Why do people in Britain care about the outcome of the upcoming US Presidential election?

Now, I should clarify. By this I am not questioning why do people care about the eventual outcome of an election that decides arguably (and misguidedly) the man who is the 'leader of the free world' and thus has the power and ability to effect us all. What I am questioning is why some people, particularly colleagues and specific friends of mine, throw themselves into this particular arena with quite so much passion - what is it that they actually hope to achieve?

Having sat through what was a deliberately provocative and not-particularly intellectual hour outlining the 'race so far I was surprised to find myself among about 6 others hanging around to further engage with the topic. It wasn't so much the engaging with the topic and subject matter of the comments that followed that took me by surprise, but the way in which they were delivered. One guy, from London, started to rant about how McCain was no different to Bush really and that the way that he was trying to distance himself from the administration was nothing short of abominable. Another then followed with a breathless retort about how Obama was at least, "and I mean AT LEAST" (he yelled), as guilty as McCain was of denying his ideological roots. While these are both valid points, the arena they were delivered in was fantastically bizarre. Here we were in the middle of a lecture theatre in Bristol (in the UK), in week zero of term, at lunchtime, surrounded by a handful of other non-US citizens hearing why "we" should or shouldn't support Obama/McCain. I appreciate the passion for politics, the interest in international affairs, and the general feeling of disgust about pretty much all aspects of the American electoral system (apart from its ability to stimulate debate, evidently). But what i do not appreciate is the egotistic view that 'my', or 'your', or 'our' support makes a bleeding smidgen of difference to these people!

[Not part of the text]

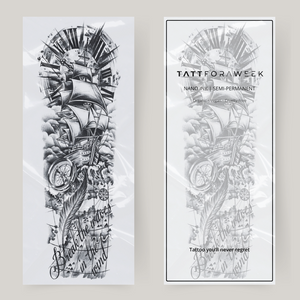 Marinheiro de manga de tatuagem Nep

I genuinely believe that foreign nations have the ability to affect American foreign policy, but in an arena that is pantomimic at its most sophisticated it seems wise to acknowledge that under such circumstances the Americans will only acknowledge we exist when we agree with them and support them, or disagree with them when they feel we shouldn't and they get hurt by it (freedom fries anyone?). So the chances of Obama, McCain, or - god forbid - Baden or Palin giving two hoots about what we think is minimal at absolute best.

Is it even possible for a foreigner to make a difference? I saw the Co-Chair of 'McCain 2008' on a special edition of Newsnight who simply patronised his way through a tremendously easy 20mins of 'questioning' on the basis that he was there to deliver McCain's message and if we don't buy it, who cares?! Either accept that McCain is the 'man of experience', 'the candidate of low taxation', 'the trustworthy American with a clean social past', or don't. What difference does it really make to his "friend". At least he wasn't as bad as the following Democrat spokeswoman who claimed that the recent debate turned a couple of her (most likely imaginary) relatives into Obama supporters. She was clearly able to deliver this at best demi-truth so confidently via one of the most respected broadcasters in the world on the basis that if it emerged that she was lying then again, so what?! Practically all the viewers will not be enfranchised in this particular election. Could we prosecute her? No. Could we even persecute her to the point that she is no longer taken seriously in her role? It seems unlikely. Really, who are we to do anything about this?

As such, please, I implore you all - anyone and everyone who ever meets me in the next eight weeks or so - to stop asking who I support. I don't support anyone. I may have a man who I would prefer to see in the White House but I can't affect his selection so therefore I see little point in declaring my interest. Equally if you happen to guess who my affiliation is with and disapprove then please, do not yell or debate with me. I won't listen, and if i did it wouldn't make any difference anyway. For those few who are in a position to affect such power time would be better spent preparing for the whoever it is that finally claims the ultimate throne of democracy than constantly trying to get involved in an issue in which they have to construct themselves as they otherwise simply won't have one. Lord knows, if we'd seen Bush coming and pre-empted the world that he is readying to leave in his wake then maybe we would have a better world right now.

Follow the election, certainly. Care about it, sure. But if you don't have a vote in this particular charade then do not, whatever you do, become so deluded so as to think that who you 'support' matters. I assure you, it doesn't. And in the meantime, most importantly, please stop bugging me.